_Given records_
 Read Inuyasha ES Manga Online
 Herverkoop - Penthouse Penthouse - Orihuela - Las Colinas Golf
==
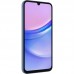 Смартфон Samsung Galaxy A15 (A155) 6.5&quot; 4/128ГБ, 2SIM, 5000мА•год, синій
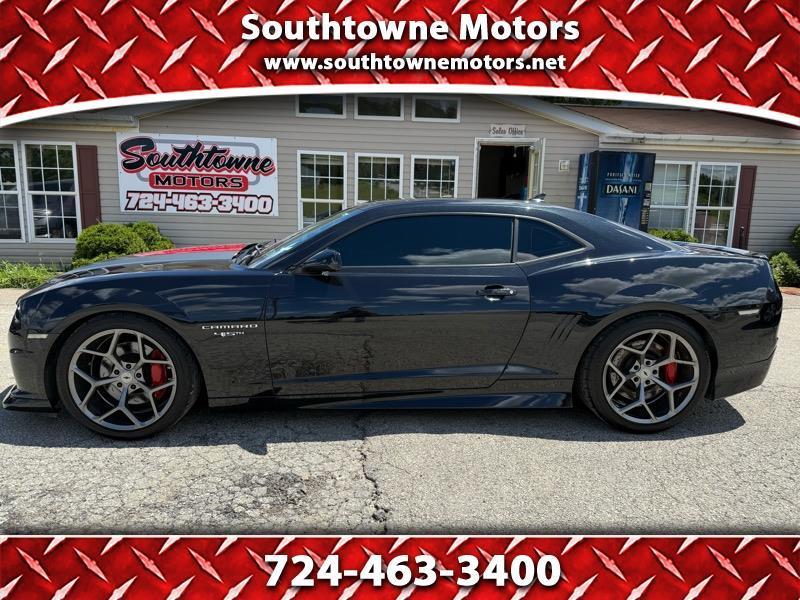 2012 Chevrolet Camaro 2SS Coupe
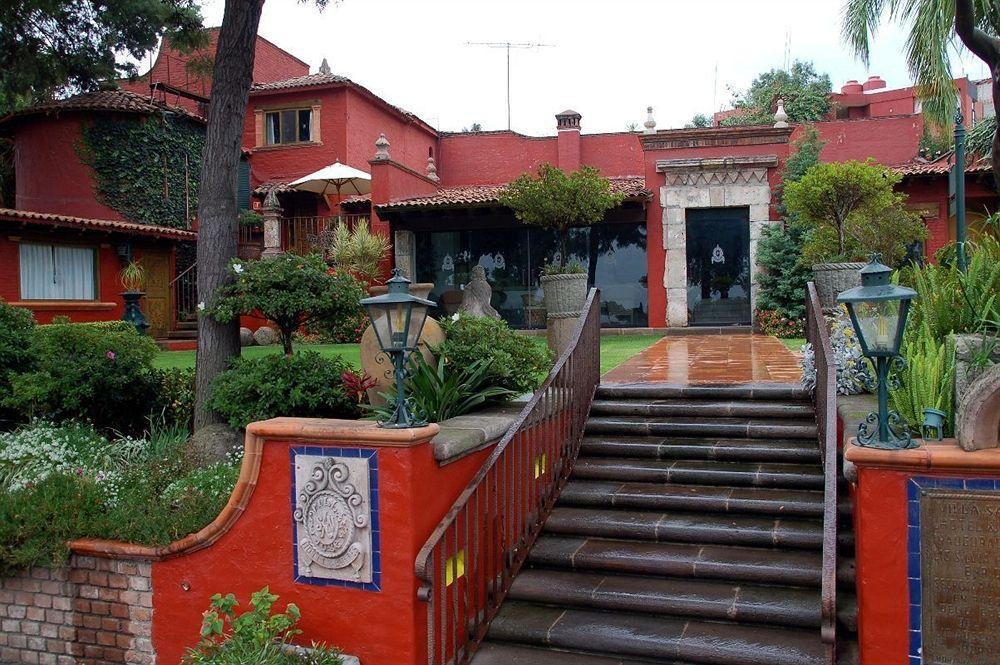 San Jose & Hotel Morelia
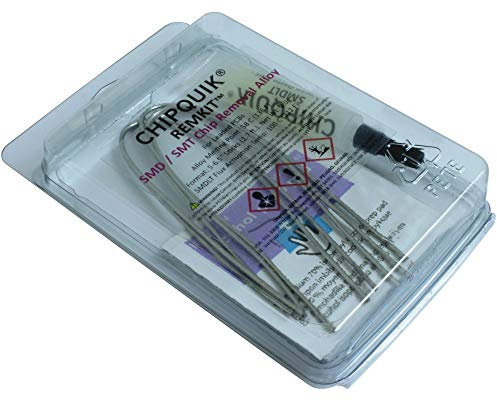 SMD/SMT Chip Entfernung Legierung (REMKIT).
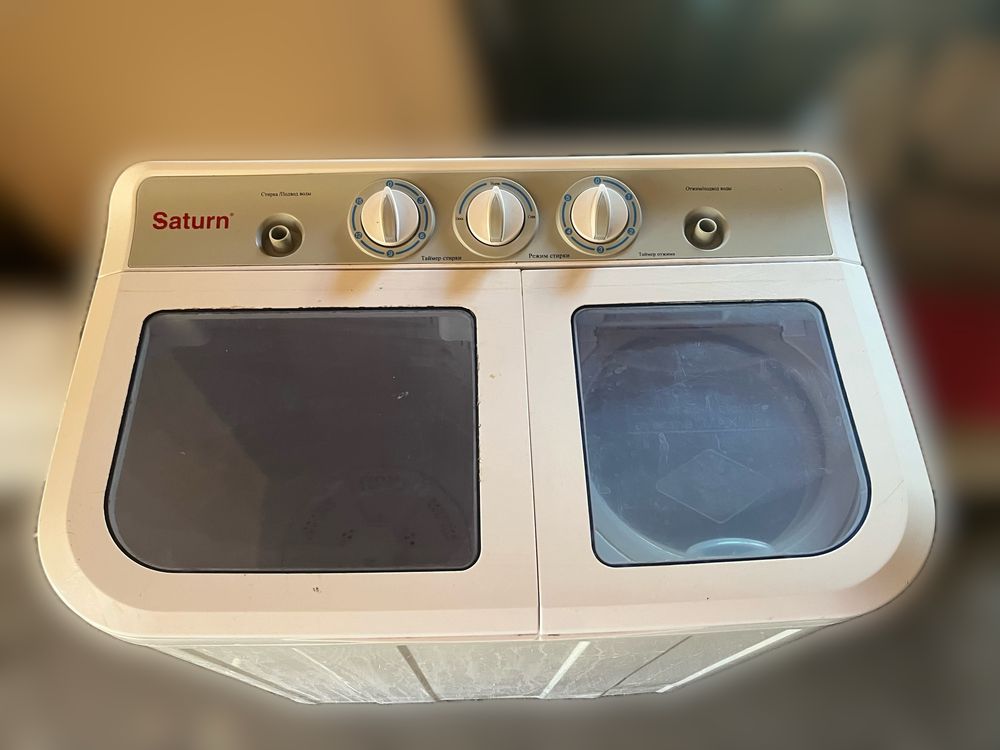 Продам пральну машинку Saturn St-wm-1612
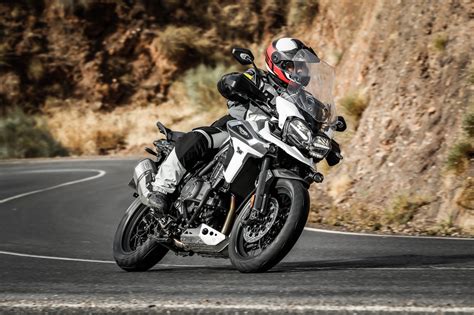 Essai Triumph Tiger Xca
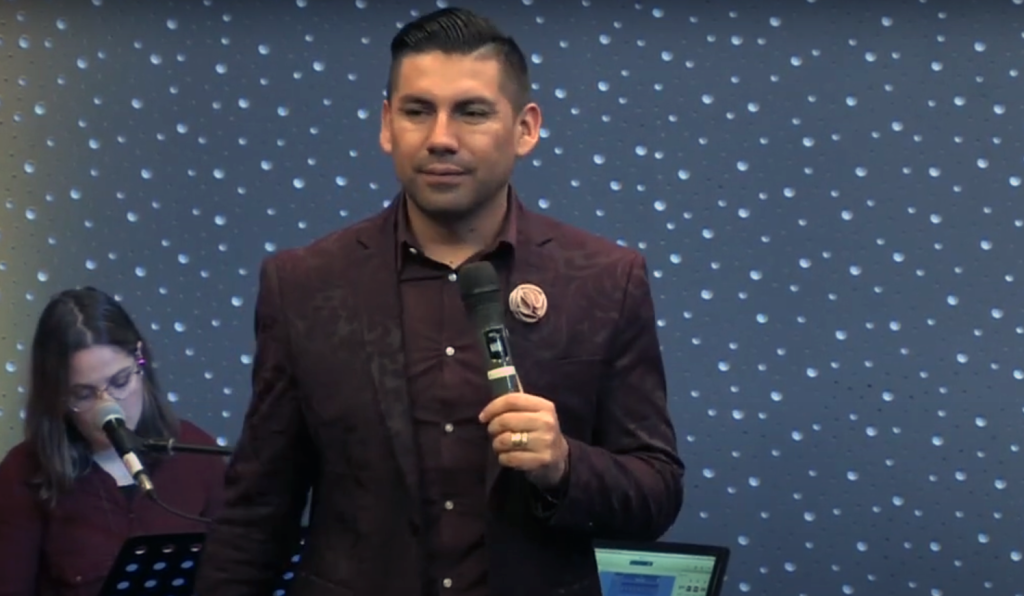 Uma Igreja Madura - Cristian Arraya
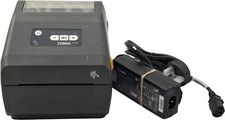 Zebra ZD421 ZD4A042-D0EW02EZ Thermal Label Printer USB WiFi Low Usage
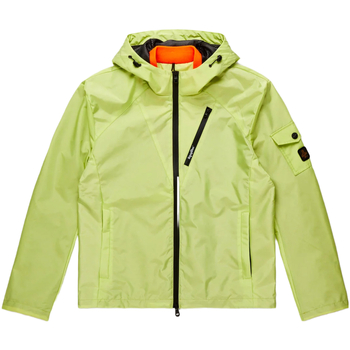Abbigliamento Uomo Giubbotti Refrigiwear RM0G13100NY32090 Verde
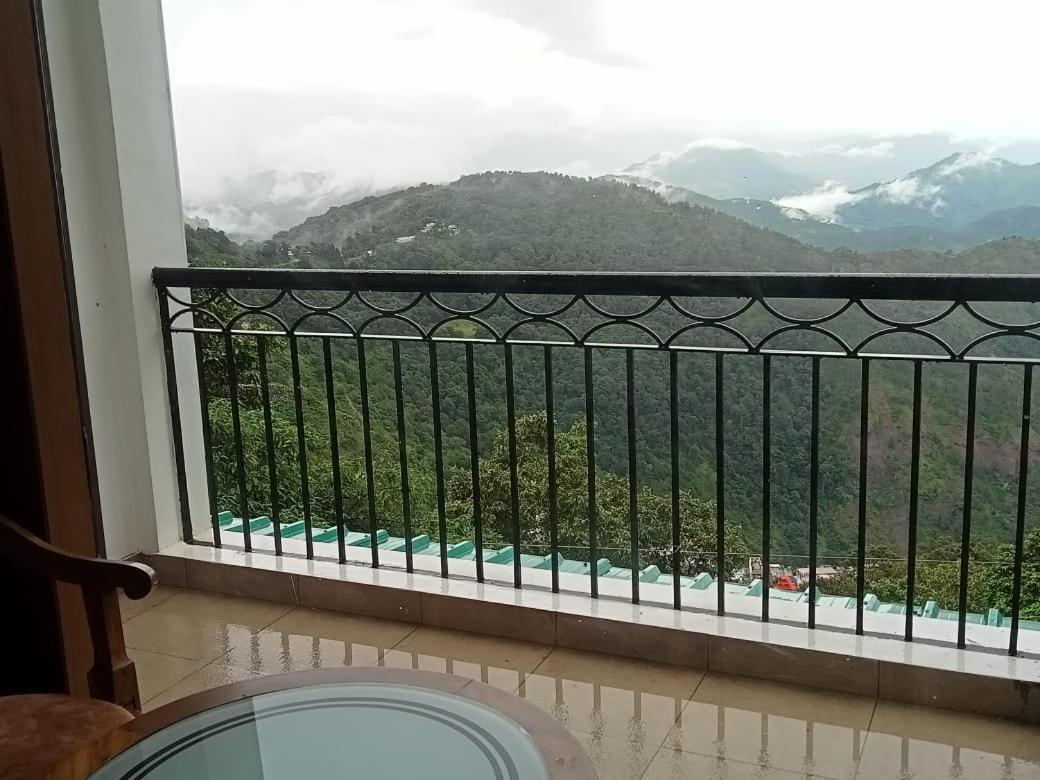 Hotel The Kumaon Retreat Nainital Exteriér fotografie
---
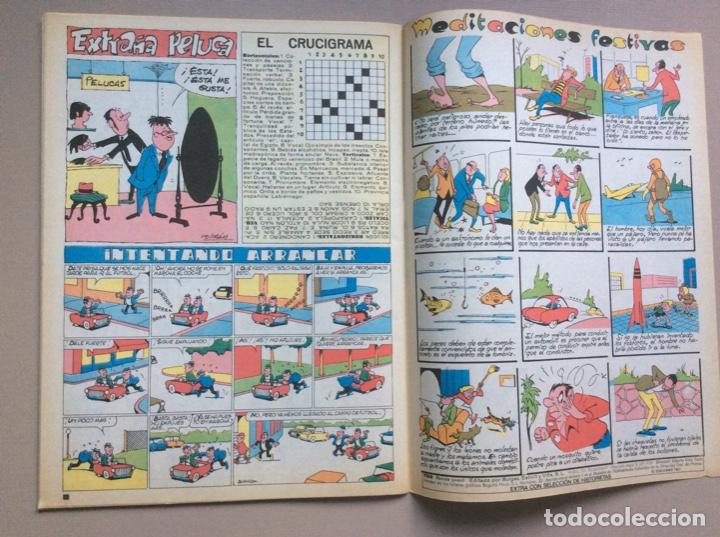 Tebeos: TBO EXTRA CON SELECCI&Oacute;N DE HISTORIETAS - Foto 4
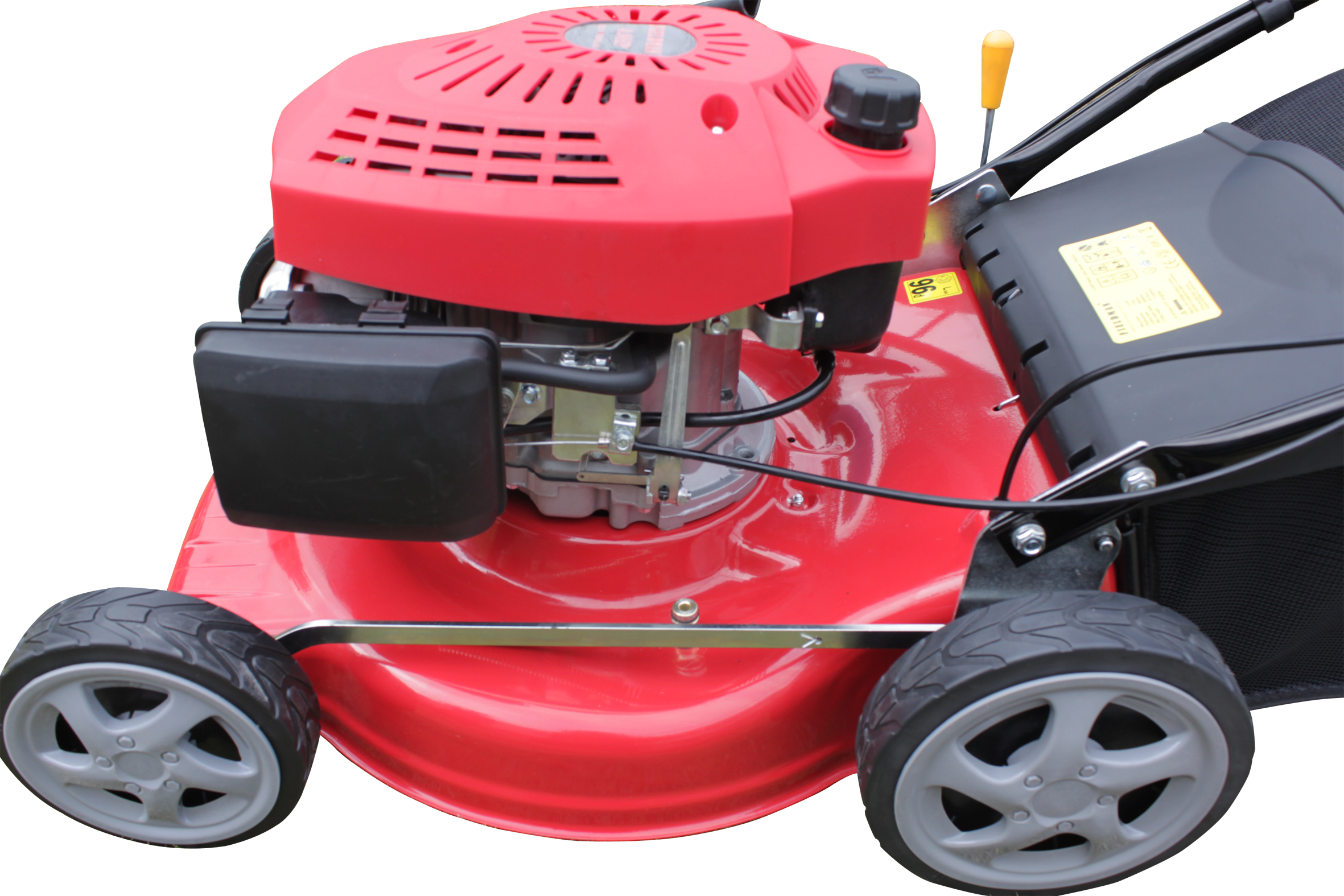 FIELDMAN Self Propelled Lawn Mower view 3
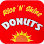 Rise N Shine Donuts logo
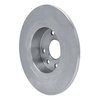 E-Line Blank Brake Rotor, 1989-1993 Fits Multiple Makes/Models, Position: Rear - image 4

_Exercise goal_
What should come back is an exact copy of the lines above from the line with "Uma Igreja Madura - Cristian Arraya" to the line with "Hotel The Kumaon", both included, minus the pictures.

_Answer space_
 Uma Igreja Madura - Cristian Arraya
 Zebra ZD421 ZD4A042-D0EW02EZ Thermal Label Printer USB WiFi Low Usage
Abbigliamento Uomo Giubbotti Refrigiwear RM0G13100NY32090 Verde
 Hotel The Kumaon Retreat Nainital Exteriér fotografie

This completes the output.